### What is being asked
Print every line below exactly as written, but leave the pictures behind.

*** Data shown Section Begins ***

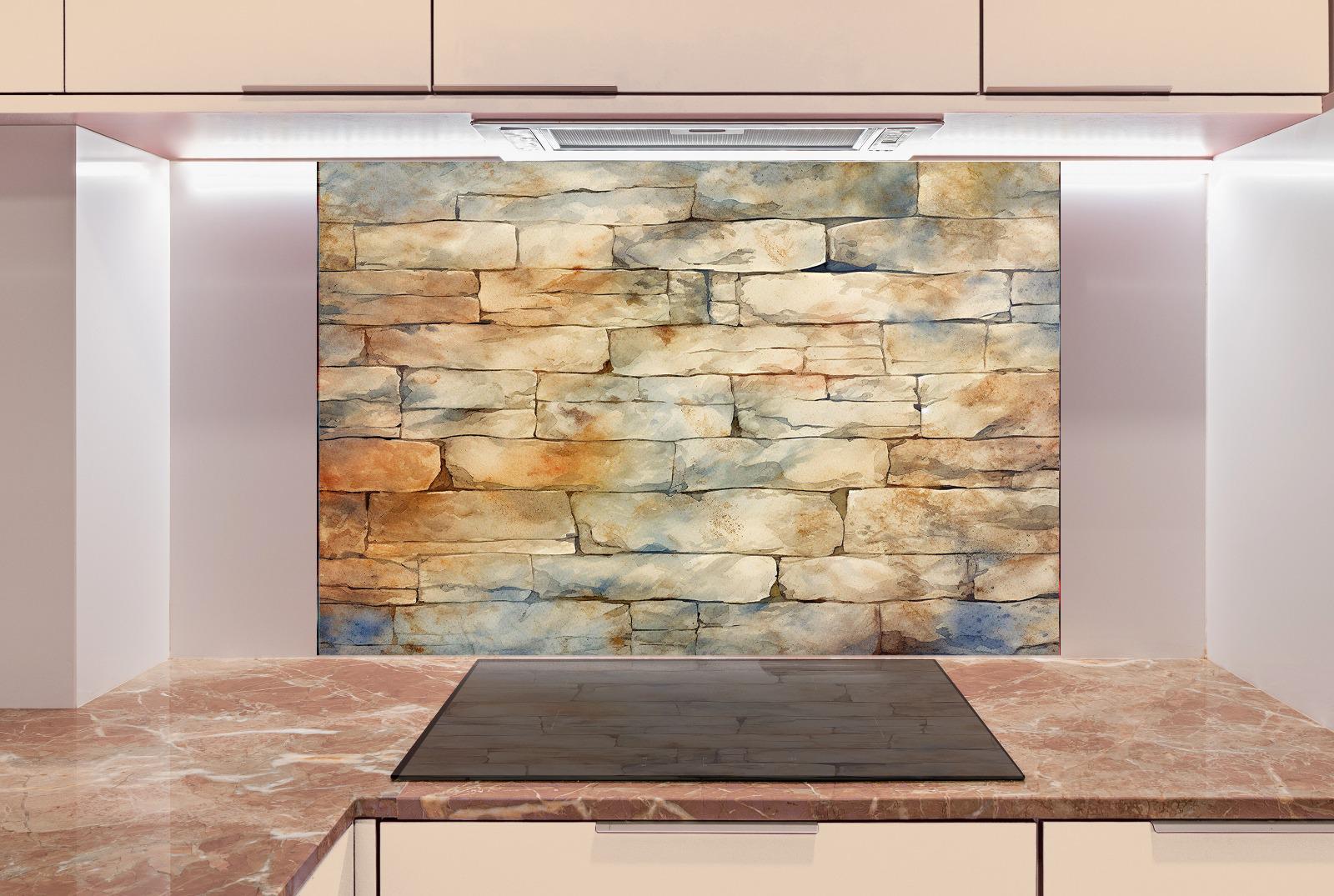 a kitchen counter with a large stone wall mural above it. The mural is a vibrant, colorful depiction of a stone wall, adding a unique and artistic touch to the kitchen&#39;s design.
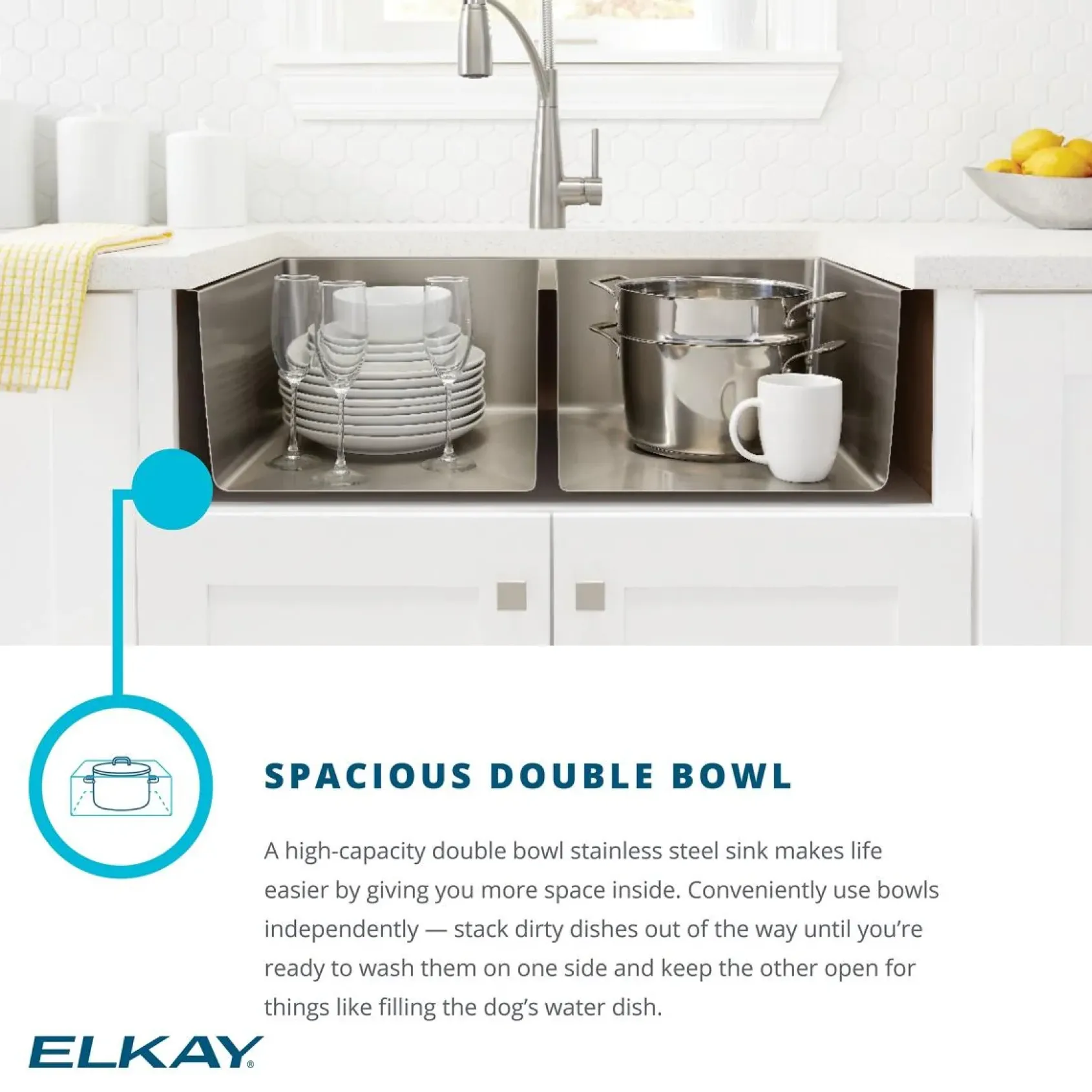 Elkay Crosstown 36" Stainless Steel Farmhouse Kitchen Sink, 50/50 Double Bowl, 18 Gauge, Polished Satin, ECTRUFA32179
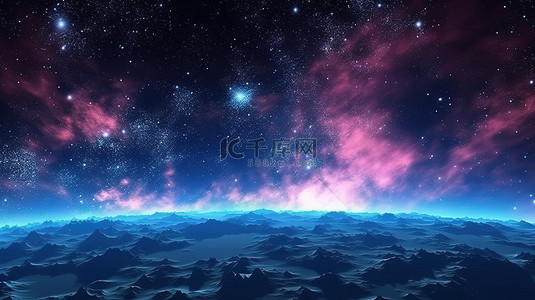 天空星星背景图片_发光的夜空银河系及其以外的 3D 插图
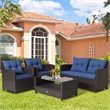 Pemberly Row 4 PCS Patio Rattan Furniture Set Table Shelf Sofa Cushion in Navy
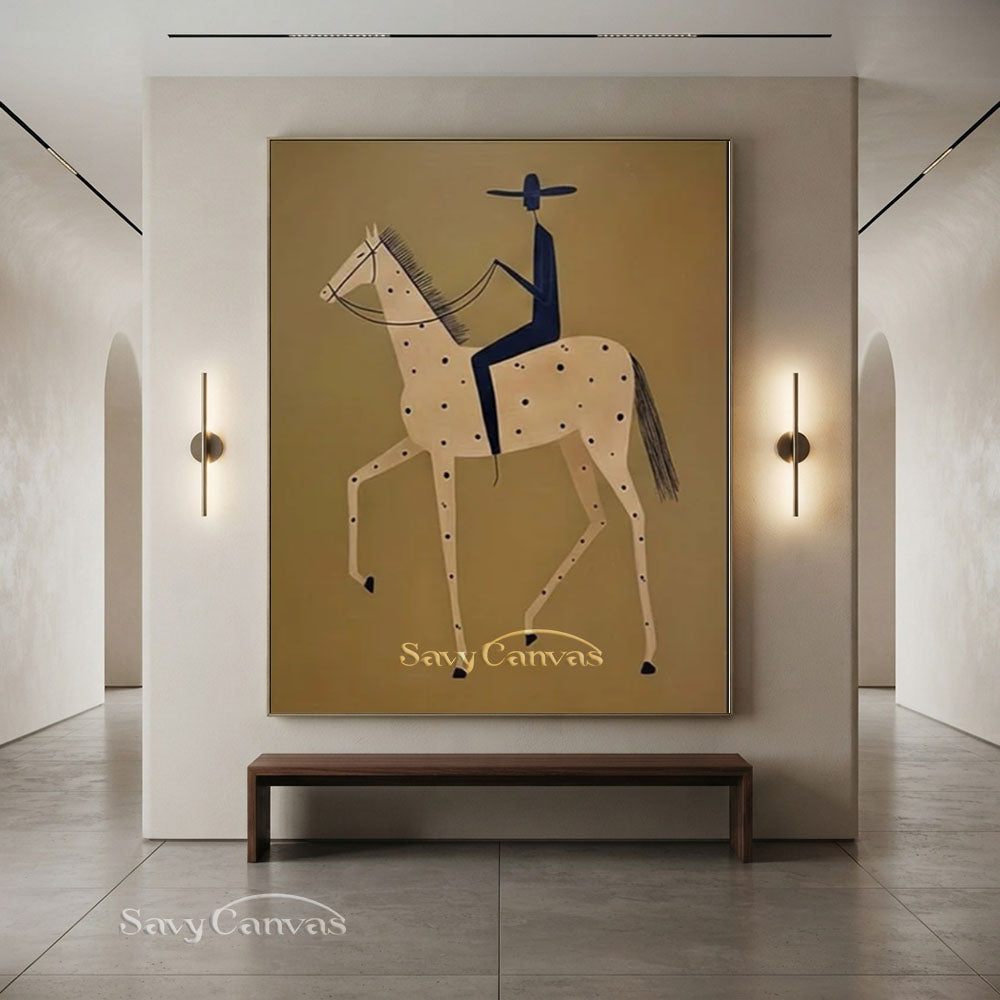 Modernist Spotted Horse Rider Vintage Folk Oil Painting #SS 248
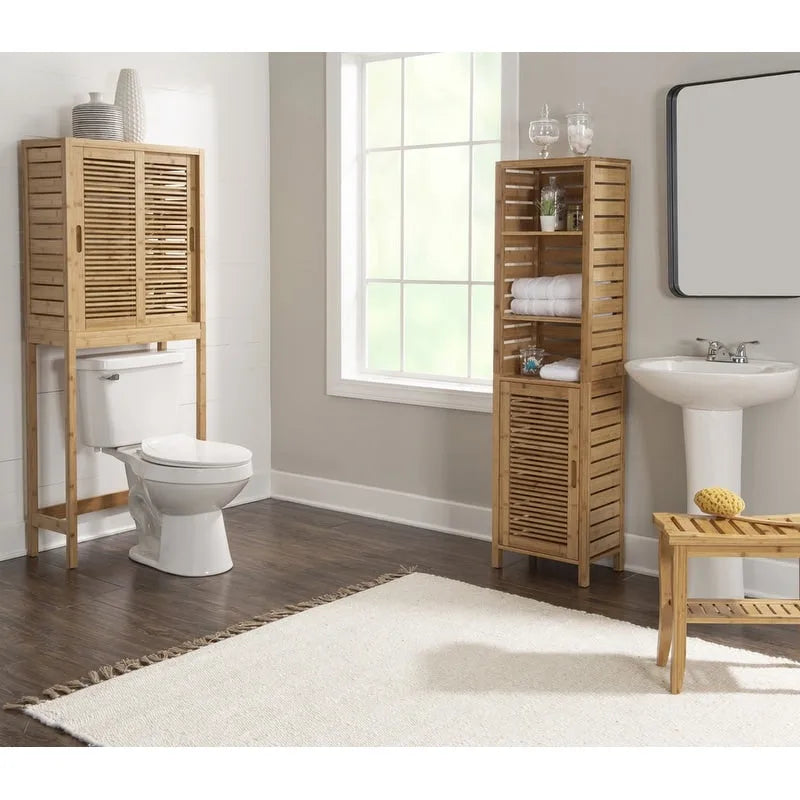 Armoire de toilette peu encombrante en bambou naturel avec portes coulissantes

*** Data shown Section Ends ***

### Solution to this exercise
 a kitchen counter with a large stone wall mural above it. The mural is a vibrant, colorful depiction of a stone wall, adding a unique and artistic touch to the kitchen&#39;s design.
 Elkay Crosstown 36" Stainless Steel Farmhouse Kitchen Sink, 50/50 Double Bowl, 18 Gauge, Polished Satin, ECTRUFA32179
 天空星星背景图片_发光的夜空银河系及其以外的 3D 插图
 Pemberly Row 4 PCS Patio Rattan Furniture Set Table Shelf Sofa Cushion in Navy
 Modernist Spotted Horse Rider Vintage Folk Oil Painting #SS 248
 Armoire de toilette peu encombrante en bambou naturel avec portes coulissantes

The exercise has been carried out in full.